DATA FOR REVIEW
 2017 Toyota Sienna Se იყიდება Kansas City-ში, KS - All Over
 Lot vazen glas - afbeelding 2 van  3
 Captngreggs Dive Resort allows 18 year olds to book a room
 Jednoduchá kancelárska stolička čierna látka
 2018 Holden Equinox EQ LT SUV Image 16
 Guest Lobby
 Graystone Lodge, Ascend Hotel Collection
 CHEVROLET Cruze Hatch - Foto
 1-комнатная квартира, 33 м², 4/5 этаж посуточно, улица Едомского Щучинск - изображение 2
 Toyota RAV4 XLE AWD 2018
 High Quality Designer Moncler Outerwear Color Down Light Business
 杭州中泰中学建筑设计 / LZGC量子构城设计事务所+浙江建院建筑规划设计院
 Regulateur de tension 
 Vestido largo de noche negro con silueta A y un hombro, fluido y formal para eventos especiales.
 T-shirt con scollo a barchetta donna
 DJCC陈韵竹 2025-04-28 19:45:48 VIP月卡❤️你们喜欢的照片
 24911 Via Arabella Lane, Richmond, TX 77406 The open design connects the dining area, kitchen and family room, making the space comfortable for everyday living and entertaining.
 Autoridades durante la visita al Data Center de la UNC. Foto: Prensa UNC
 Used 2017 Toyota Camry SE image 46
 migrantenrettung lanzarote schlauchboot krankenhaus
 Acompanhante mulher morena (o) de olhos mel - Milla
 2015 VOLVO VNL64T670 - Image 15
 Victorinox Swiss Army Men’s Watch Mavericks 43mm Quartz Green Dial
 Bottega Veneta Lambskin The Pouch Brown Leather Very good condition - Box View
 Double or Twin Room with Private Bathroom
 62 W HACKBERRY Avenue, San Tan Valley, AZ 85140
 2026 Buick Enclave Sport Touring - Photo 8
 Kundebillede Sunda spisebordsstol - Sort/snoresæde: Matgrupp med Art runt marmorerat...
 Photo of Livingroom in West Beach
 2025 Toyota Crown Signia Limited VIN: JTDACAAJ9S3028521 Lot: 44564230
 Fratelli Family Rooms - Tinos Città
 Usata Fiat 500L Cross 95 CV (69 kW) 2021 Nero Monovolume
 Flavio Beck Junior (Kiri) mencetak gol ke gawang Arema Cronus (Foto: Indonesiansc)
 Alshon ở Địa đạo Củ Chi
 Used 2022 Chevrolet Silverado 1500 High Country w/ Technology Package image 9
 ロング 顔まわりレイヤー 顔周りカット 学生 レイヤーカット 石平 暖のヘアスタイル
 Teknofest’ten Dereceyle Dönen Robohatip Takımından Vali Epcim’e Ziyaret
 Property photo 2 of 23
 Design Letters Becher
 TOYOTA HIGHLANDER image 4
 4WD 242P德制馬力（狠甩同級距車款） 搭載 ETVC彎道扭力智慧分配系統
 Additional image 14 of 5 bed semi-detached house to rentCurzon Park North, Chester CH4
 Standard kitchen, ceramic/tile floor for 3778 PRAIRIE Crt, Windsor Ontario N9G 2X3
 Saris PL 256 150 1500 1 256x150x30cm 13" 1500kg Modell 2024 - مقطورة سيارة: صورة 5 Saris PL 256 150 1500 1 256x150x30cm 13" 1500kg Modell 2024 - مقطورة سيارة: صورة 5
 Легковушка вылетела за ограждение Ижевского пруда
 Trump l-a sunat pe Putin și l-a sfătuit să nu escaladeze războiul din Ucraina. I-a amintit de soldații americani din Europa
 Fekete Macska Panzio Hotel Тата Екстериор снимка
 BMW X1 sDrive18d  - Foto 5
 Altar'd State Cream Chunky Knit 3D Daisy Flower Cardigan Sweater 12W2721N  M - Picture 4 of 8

EXERCISE REQUIREMENTS
Exactly as written above, reproduce all of the entries.

REPLY
 2017 Toyota Sienna Se იყიდება Kansas City-ში, KS - All Over
 Lot vazen glas - afbeelding 2 van  3
 Captngreggs Dive Resort allows 18 year olds to book a room
 Jednoduchá kancelárska stolička čierna látka
 2018 Holden Equinox EQ LT SUV Image 16
 Guest Lobby
 Graystone Lodge, Ascend Hotel Collection
 CHEVROLET Cruze Hatch - Foto
 1-комнатная квартира, 33 м², 4/5 этаж посуточно, улица Едомского Щучинск - изображение 2
 Toyota RAV4 XLE AWD 2018
 High Quality Designer Moncler Outerwear Color Down Light Business
 杭州中泰中学建筑设计 / LZGC量子构城设计事务所+浙江建院建筑规划设计院
 Regulateur de tension 
 Vestido largo de noche negro con silueta A y un hombro, fluido y formal para eventos especiales.
 T-shirt con scollo a barchetta donna
 DJCC陈韵竹 2025-04-28 19:45:48 VIP月卡❤️你们喜欢的照片
 24911 Via Arabella Lane, Richmond, TX 77406 The open design connects the dining area, kitchen and family room, making the space comfortable for everyday living and entertaining.
 Autoridades durante la visita al Data Center de la UNC. Foto: Prensa UNC
 Used 2017 Toyota Camry SE image 46
 migrantenrettung lanzarote schlauchboot krankenhaus
 Acompanhante mulher morena (o) de olhos mel - Milla
 2015 VOLVO VNL64T670 - Image 15
 Victorinox Swiss Army Men’s Watch Mavericks 43mm Quartz Green Dial
 Bottega Veneta Lambskin The Pouch Brown Leather Very good condition - Box View
 Double or Twin Room with Private Bathroom
 62 W HACKBERRY Avenue, San Tan Valley, AZ 85140
 2026 Buick Enclave Sport Touring - Photo 8
 Kundebillede Sunda spisebordsstol - Sort/snoresæde: Matgrupp med Art runt marmorerat...
 Photo of Livingroom in West Beach
 2025 Toyota Crown Signia Limited VIN: JTDACAAJ9S3028521 Lot: 44564230
 Fratelli Family Rooms - Tinos Città
 Usata Fiat 500L Cross 95 CV (69 kW) 2021 Nero Monovolume
 Flavio Beck Junior (Kiri) mencetak gol ke gawang Arema Cronus (Foto: Indonesiansc)
 Alshon ở Địa đạo Củ Chi
 Used 2022 Chevrolet Silverado 1500 High Country w/ Technology Package image 9
 ロング 顔まわりレイヤー 顔周りカット 学生 レイヤーカット 石平 暖のヘアスタイル
 Teknofest’ten Dereceyle Dönen Robohatip Takımından Vali Epcim’e Ziyaret
 Property photo 2 of 23
 Design Letters Becher
 TOYOTA HIGHLANDER image 4
 4WD 242P德制馬力（狠甩同級距車款） 搭載 ETVC彎道扭力智慧分配系統
 Additional image 14 of 5 bed semi-detached house to rentCurzon Park North, Chester CH4
 Standard kitchen, ceramic/tile floor for 3778 PRAIRIE Crt, Windsor Ontario N9G 2X3
 Saris PL 256 150 1500 1 256x150x30cm 13" 1500kg Modell 2024 - مقطورة سيارة: صورة 5 Saris PL 256 150 1500 1 256x150x30cm 13" 1500kg Modell 2024 - مقطورة سيارة: صورة 5
 Легковушка вылетела за ограждение Ижевского пруда
 Trump l-a sunat pe Putin și l-a sfătuit să nu escaladeze războiul din Ucraina. I-a amintit de soldații americani din Europa
 Fekete Macska Panzio Hotel Тата Екстериор снимка
 BMW X1 sDrive18d  - Foto 5
 Altar'd State Cream Chunky Knit 3D Daisy Flower Cardigan Sweater 12W2721N  M - Picture 4 of 8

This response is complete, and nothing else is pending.